Joël Gombin : A l’exception peut-être de la dernière condition qui vise les campements Roms, le reste du texte n’est pas très discriminant, on voit mal qui pourrait être résolument contre. D’ailleurs, il y a un certain nombre de reculs par rapport à la gestion municipale qu’a pu faire le FN. Par exemple, il n’y a rien sur le fait de réserver un certain nombre de bénéfices aux nationaux français, ce qui faisait partie du corpus par le passé. On peut se rappeler que les époux Mégret avait été condamnés pour discrimination dans la distribution de certaines allocations.

Ils ont fait un texte assez neutre, qui vise surtout à mettre une couche de légitimité sur d’éventuelles alliances qui pourraient être passées en 2014. Cependant ces alliances ne seront pas nombreuses, elles auront surtout lieu dans de petites communes, où la politique municipale échappe souvent aux clivages partisans.

L’objectif du texte n’est pas de séduire, pour des alliances privilégiées avec tel ou tel parti. Il faut garder en tête la stratégie de long terme du FN : les municipales ne sont qu’une étape dans l’échéance présidentielle.

L’enjeu est avant tout de porter les coups les plus forts possibles contre l’UMP, qui est le concurrent privilégié du FN car la stratégie du parti frontiste consiste à passer devant l’UMP.

La charte ne va pas favoriser des alliances avec l’UMP, même si certains au FN lui tendront la main. Elle vise probablement davantage à embarrasser l’UMP pour la mettre face à ses contradictions qu'à envisager une véritable co-gestion des villes. D’autant plus que la co-gestion de villes ne serait pas intéressante pour le FN, dans le sens où si elle se passe mal, c’est le blâme pour eux et si ça se passe bien c’est l’UMP qui en récupère les lauriers. Toute cette stratégie vise à préparer une sorte de baiser empoisonné que le FN voudrait administrer à l’UMP.

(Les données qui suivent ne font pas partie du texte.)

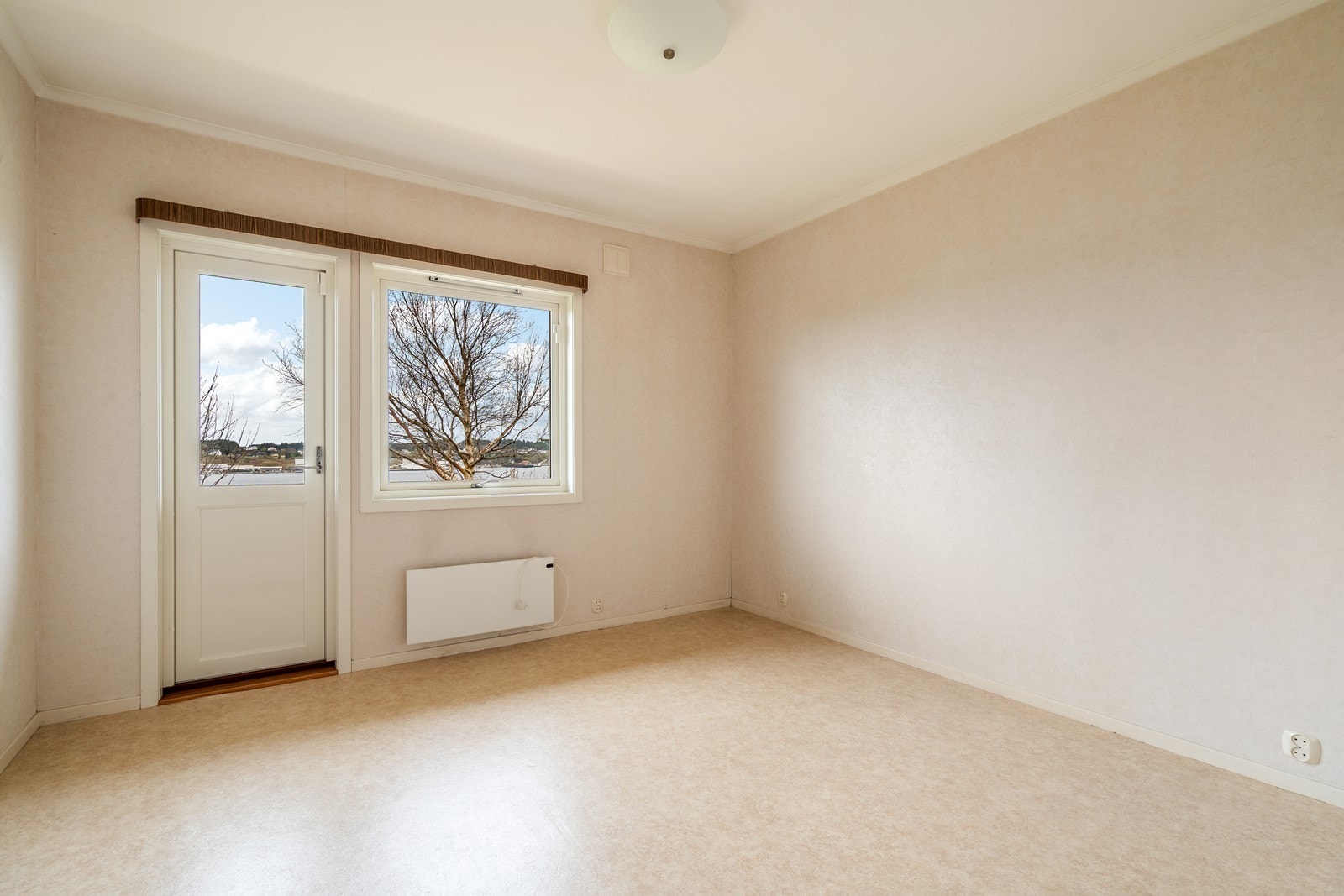 Soverom med utgang til altan Galleribilde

Selon un sondage Ifop pour Valeurs actuelles, 34% des Français se disent proches des idées de Marine Le Pen. Ce chiffre peut-il pousser certains candidats à se rapprocher du FN pour les municipales ?

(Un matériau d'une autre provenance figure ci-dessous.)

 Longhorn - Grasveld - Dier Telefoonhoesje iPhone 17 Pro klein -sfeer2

Il est vrai qu’il y a un certain nombre d’éléments qui mettent la pression sur l’ensemble de la classe politique. Certains à l’UMP se poseront la question, mais les élections municipales sont des élections avec un mode de scrutin essentiellement majoritaire : dans la plupart des configurations on trouvera soit des triangulaires, soit des duels droite/gauche classique.

Bien sûr qu’il y aura des tentations ici ou là, mais elles seront limitées car l’alliance explicite avec le FN demeure coûteuse politiquement. Il n’est pas certain que beaucoup de candidats s’engagent dans cette voie là, car elle peut durablement entacher leur carrière, notamment au niveau municipal où la gestion repose plus sur un consensus élargi que sur une très forte polarisation politique.

Si les sympathisants de droite se disent proches dans une plus grande proportion de ces idées, ils sont 11% parmi les sympathisants de gauche. Le tabou FN recule-t-il globalement ? 

Oui vraisemblablement, même si sur une période de 30 ans depuis l’émergence du parti en 1984, on ne voit pas de mouvement linéaire. Cette tentation de la droite de se rapprocher du FN est extrêmement récurrente, et d’ailleurs elle a souvent mené à des alliances effectives, dès 1986 avec la co-gestion du conseil régional de PACA, jusqu’aux régionales de 98 où plusieurs présidents de régions de droite s’étaient alliés au FN.

On a eu une phase après 2002, où le fait que Chirac se soit opposé à Jean Marie Le Pen au second tour de l’élection présidentielle avait conduit à ce que l’UMP se construise sur une distance maximale avec le FN. Cette parenthèse a été vite refermée dès lors que Sarkozy a pris la tête du parti.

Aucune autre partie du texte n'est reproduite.